- _Source material_
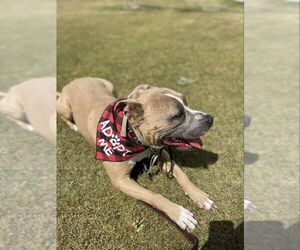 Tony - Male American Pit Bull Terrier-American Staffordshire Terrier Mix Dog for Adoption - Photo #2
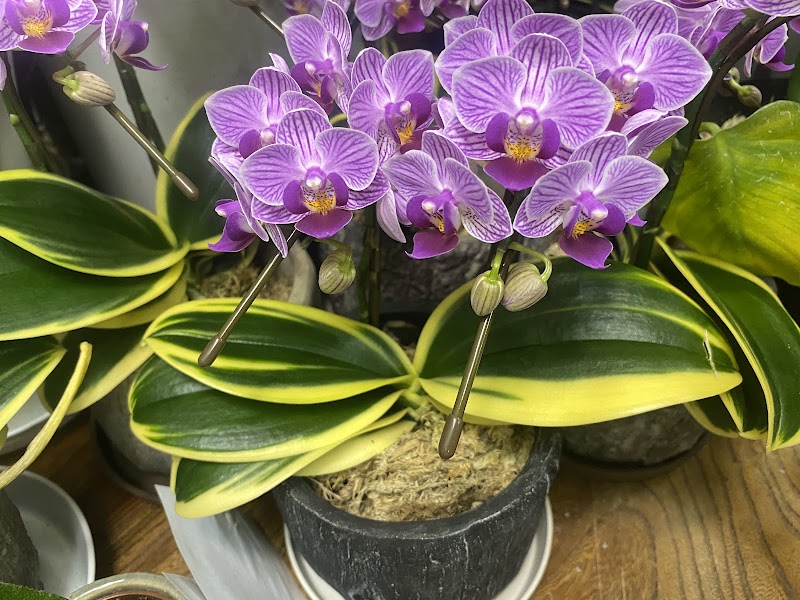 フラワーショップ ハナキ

==

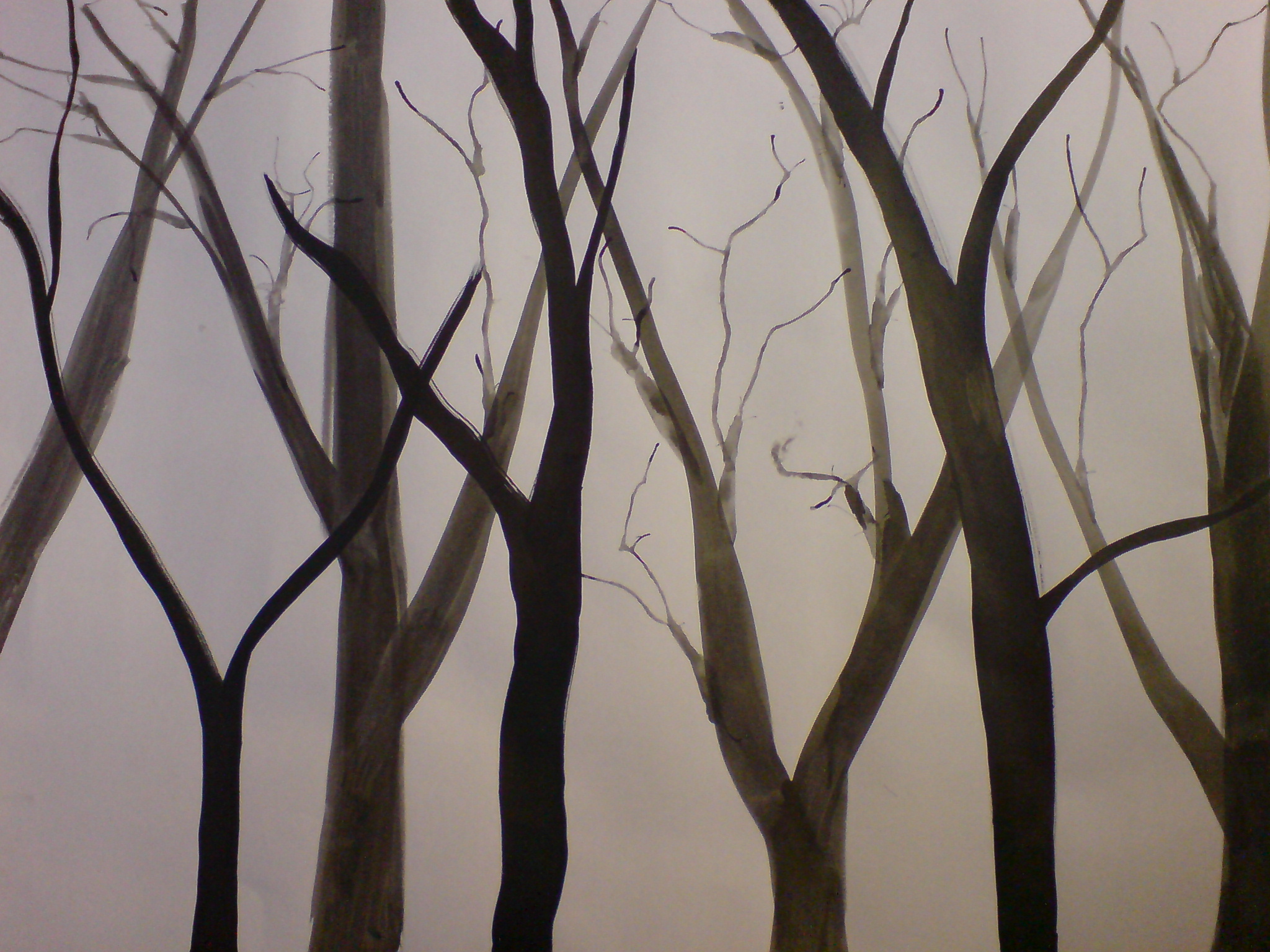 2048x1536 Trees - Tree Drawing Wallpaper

- _Work to be completed_
Your reply should consist solely of the lines above from the line containing "Tony - Male" up to and including the line containing "フラワーショップ ハナキ", reproduced exactly, minus the pictures.

- _Result_
 Tony - Male American Pit Bull Terrier-American Staffordshire Terrier Mix Dog for Adoption - Photo #2
 フラワーショップ ハナキ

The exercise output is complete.